### Work to complete
Return only the lines running from the one that contains "2-in-1 Cordless Wall" through the end of the entries, exactly, both ends included. Omit pictures.

### Record extracts
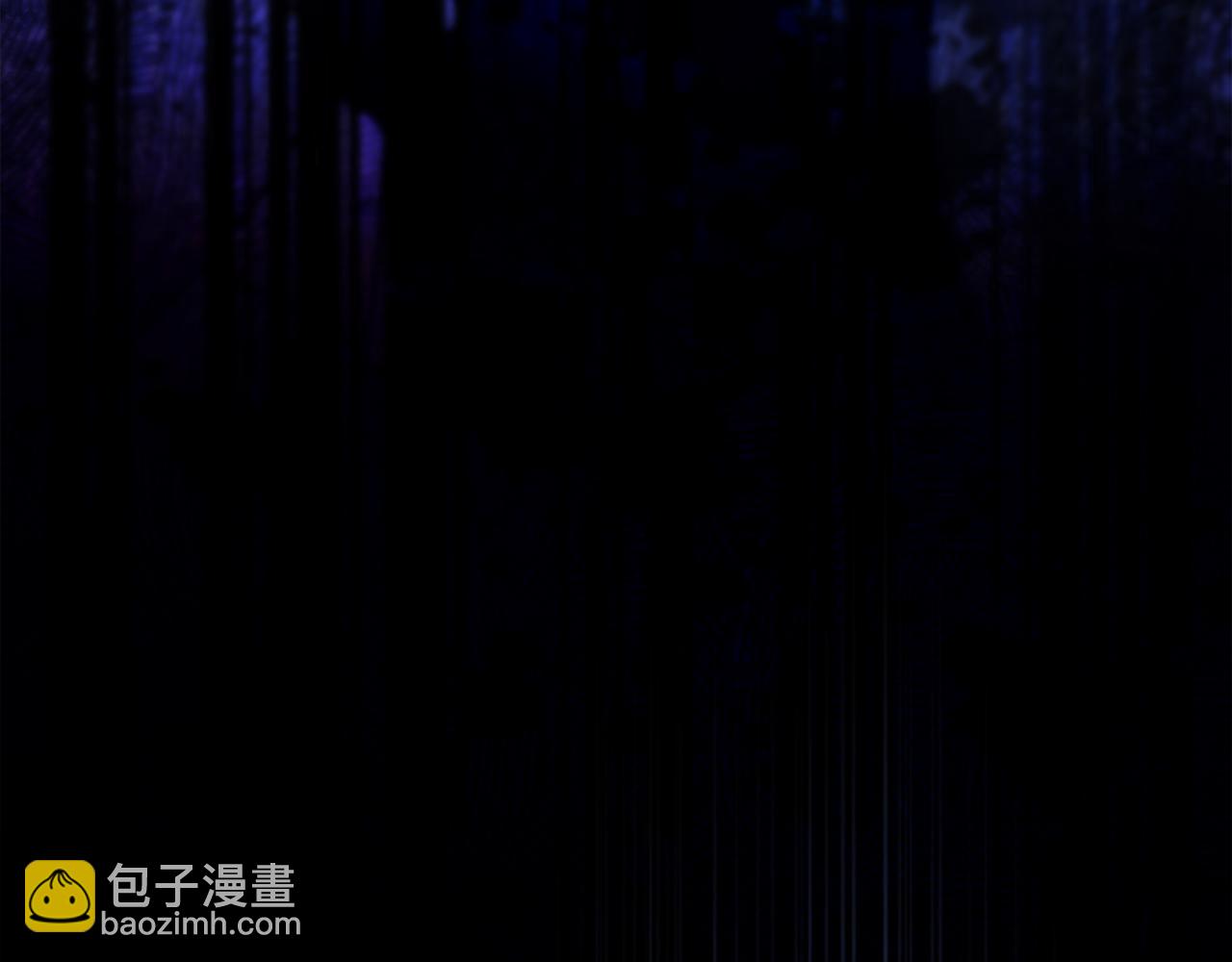 第46话 前往拍卖会(1/5)-第46话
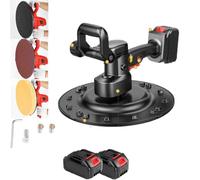 2-in-1 Cordless Wall Smoothing and Polishing Machine, High-Efficiency Plastering for Walls and Floors with Masonry Tools Attachment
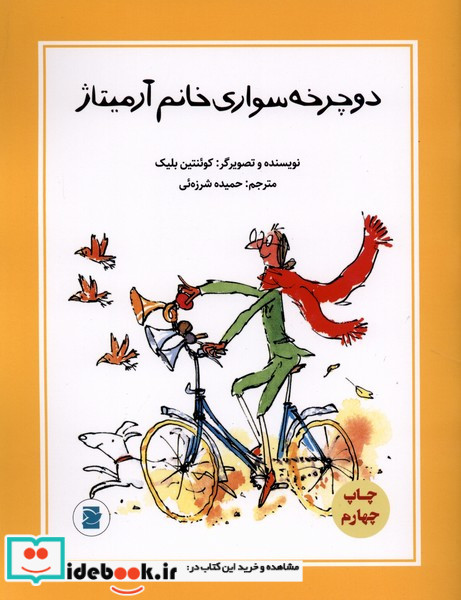 دوچرخه سواری خانم آرمیتاژ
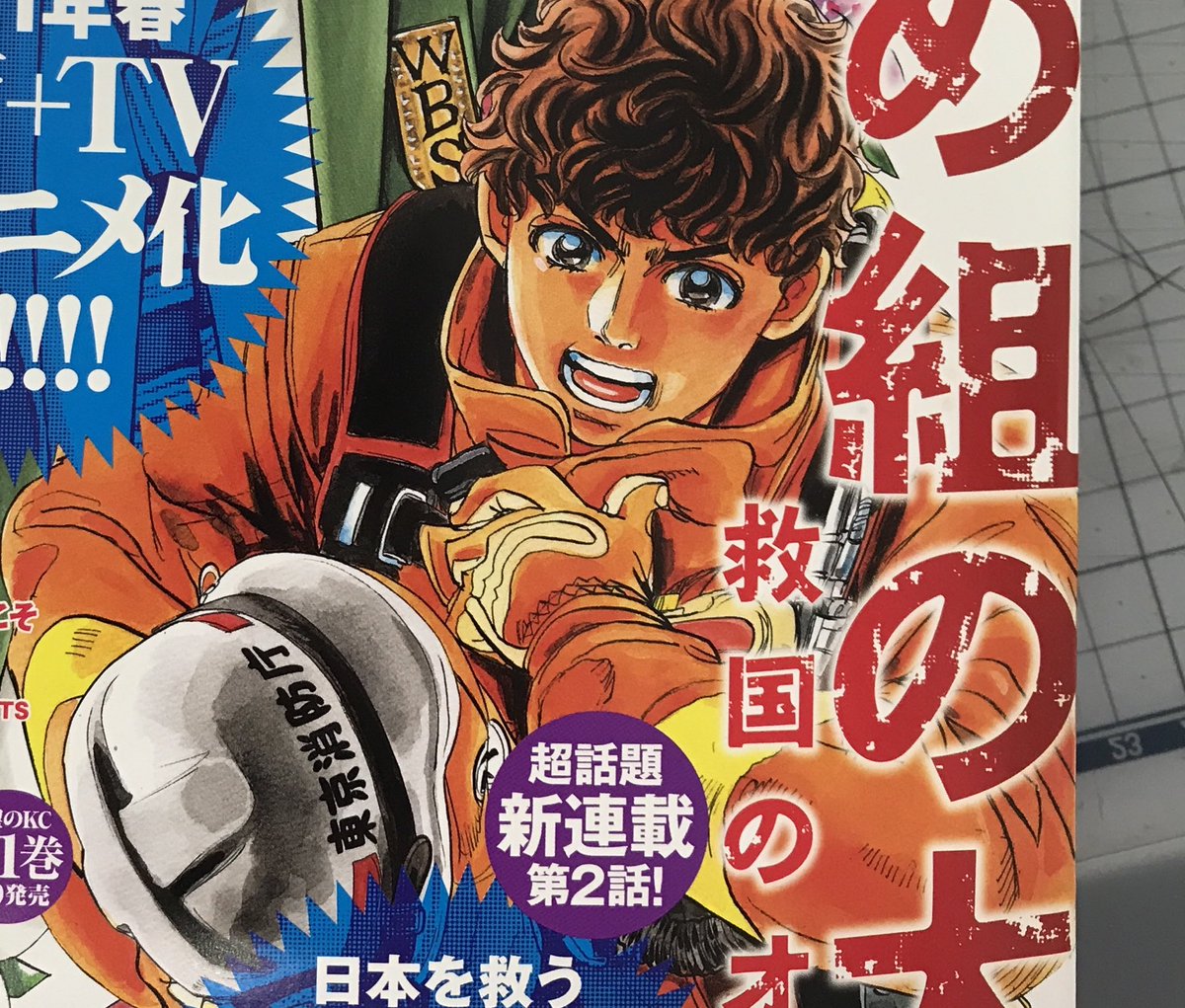 Twoucan 曽田正人め組の大吾4 16救オレ第1巻発売 Sodamasahito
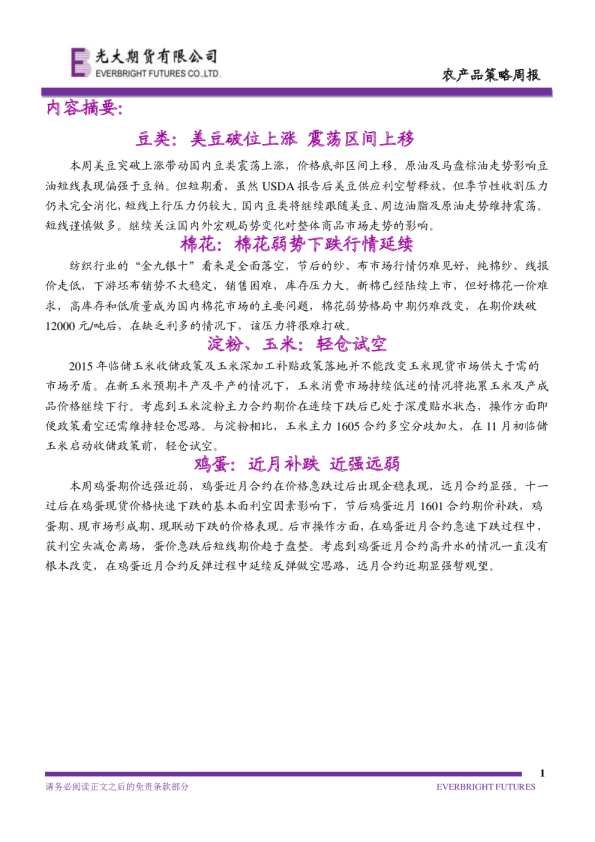 农产品策略周报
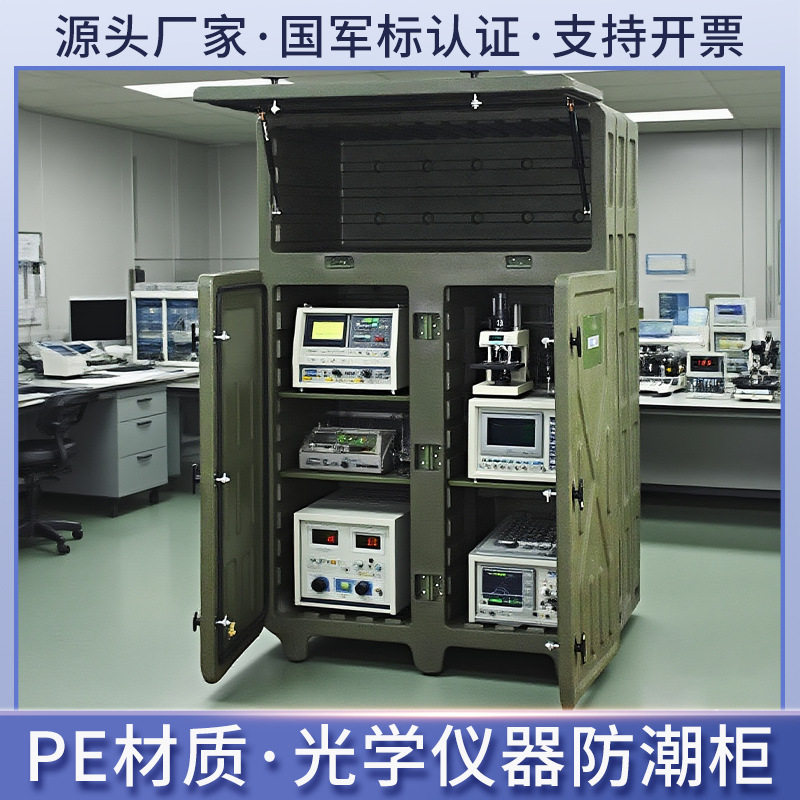 百世盾 防潮柜光电智能贮存设备光学智能除湿柜 防水置物箱塑料柜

### Expected answer
 2-in-1 Cordless Wall Smoothing and Polishing Machine, High-Efficiency Plastering for Walls and Floors with Masonry Tools Attachment
 دوچرخه سواری خانم آرمیتاژ
 Twoucan 曽田正人め組の大吾4 16救オレ第1巻発売 Sodamasahito
 农产品策略周报
 百世盾 防潮柜光电智能贮存设备光学智能除湿柜 防水置物箱塑料柜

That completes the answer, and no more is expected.